NYU School of Law Analyzes, Supports Net Neutrality Policy
In 2010, the Institute for Policy Integrity at the New York University School of Law released a report titled Free to Invest: The Economic Benefits of Preserving Net Neutrality. The report, authored by Inimai Chettiar and J. Scott Holladay, is a great resource - substantial and very digestible - on what net neutrality really is, how it is (or is not) regulated, and the economic possibilities policy makers must consider when moving ahead.
The Institute looks at the economic relationships between content providers, ISPs, and consumers. In addition to the current economic structure, the report examines possible alternate pricing models that are contrary to our current net neutrality policies. We have extracted just a few excerpts and encourage you to get the full report.
There are five main findings that are examined in depth:
Internet Market Failure: The report explains how ISPs lose potential dollars under today's market structure. There is ample motivation for them to find a way to charge content providers based on delivery, and open up a whole new market far beyond our net neutrality policy.
The FCC’s nondiscrimination rule would prohibit an ISP from treating any content, application, or service in a “discriminatory” manner, subject to reasonable network management.

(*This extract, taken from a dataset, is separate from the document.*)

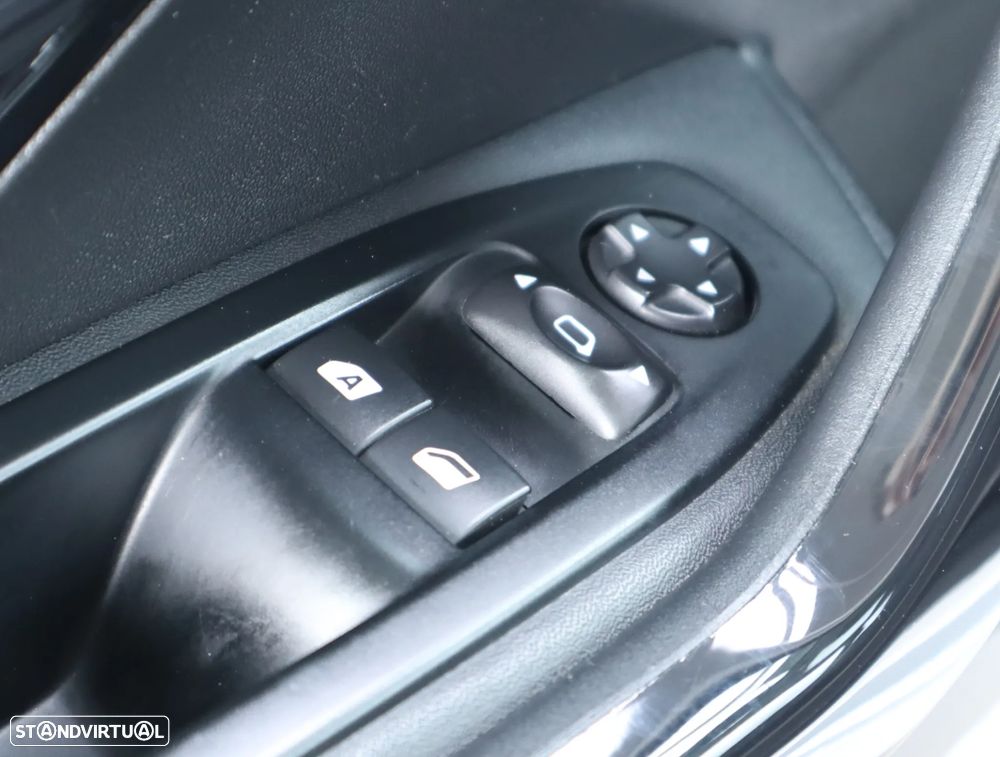 Peugeot 208 e-HDi FAP 115 Stop&Start Intuitive - 26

This clearly bans pure price discrimination (charging different content providers different prices to access their subscribers). The regulation also bans ISPs from offering content providers a “take it or leave it” offer on access to their users. For example, an ISP like Verizon could not charge a website of a company like The New York Times a certain price for access to its subscribers by threatening to block the website from its network and therefore from its Internet subscribers.
Smart Policy Can Help: The authors of the report stress how the Internet must be viewed as a two pronged market - infrastructure to deliver the content and the content itself - and how both are equally important. Effective policy must recognize the delicacy of that balance.